Reading a blog-post from a pastor friend of mine, I started thinking about the last in-person conversation we had. (Yes, my brain operates via the thinnest of threads!) We were quickly exchanging thoughts for each other that didn’t belong in our meeting, and I had at last handed him a particular poem of mine. I’d written it nearly a year before, sparked from an aside in a different blog-post of his, so I thought it only fair to share it.
He paused, read it through, and said, “I like it! Someday I’ll tell the story of my baptism… in a sermon.”
Not what I thought he’d say after “Someday I’ll tell…” -!
Still, I nod. What is this venue here, after all, but a collection of my stories? Stories from inside my head, from my interactions with the world, and mostly the collisions between the two. If I didn’t stockpile stories, I wouldn’t have a way to begin, and you wouldn’t have a way to connect.
I suspect that last economy is perhaps even more precious for preachers of God’s Word.

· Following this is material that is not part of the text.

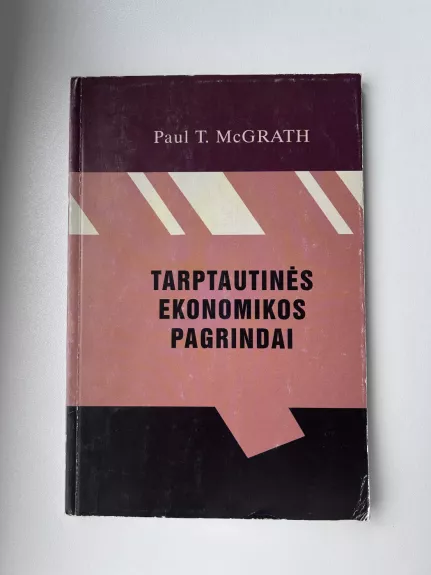 Tarptautinės ekonomikos pagrindai - Paul T. McGrath, knyga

When I teach with Scripture, I’m in an intimate setting. We can see each other, and I make sure we have plenty of time and social/emotional room to speak. I’m most interested in each person exploring their own understanding—developing their theo-ology—and less interested in what I might or might not know, or the stories I have to illuminate that.
In the set of social conventions that is preaching, one speaks to a group too large to be intimate, and so the focus remains on the speaker. What the speaker knows and says, and the connections the speaker builds, is all the group can leverage in the time allotted. No connection, and the words flow off the mind into consciousness’ storm-drain. Straight to the sea.

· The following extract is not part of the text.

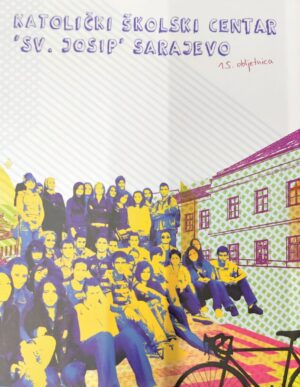 Katolički školski centar Sv.Josip Sarajevo - 15.obljetnica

There are plenty of challenges in my economy of stories. Who’s involved, how they might react to being so exposed, whether their experience of the story aligns with mine enough for them to consent to its truth. In a way, my not publishing poems while the girls were young protected me from these dilemmas: I desperately needed to write my way to the other side, but in the intensity of the moment I doubt they would’ve wanted my experience to be the visible one. Time, I hope, has given us all enough breathing room so that I can let them stand.
I’m sure those challenges are even truer for preachers, for sometimes the story’s participants are in the very room, and part of the fabric of the community. If it were me, I would develop an even stronger discipline of assessing what I could use and what would be off-limits… and for how long. If I were mining my stories week in and week out, I certainly would have learned to save them up. And not let them trickle out to one person at a time.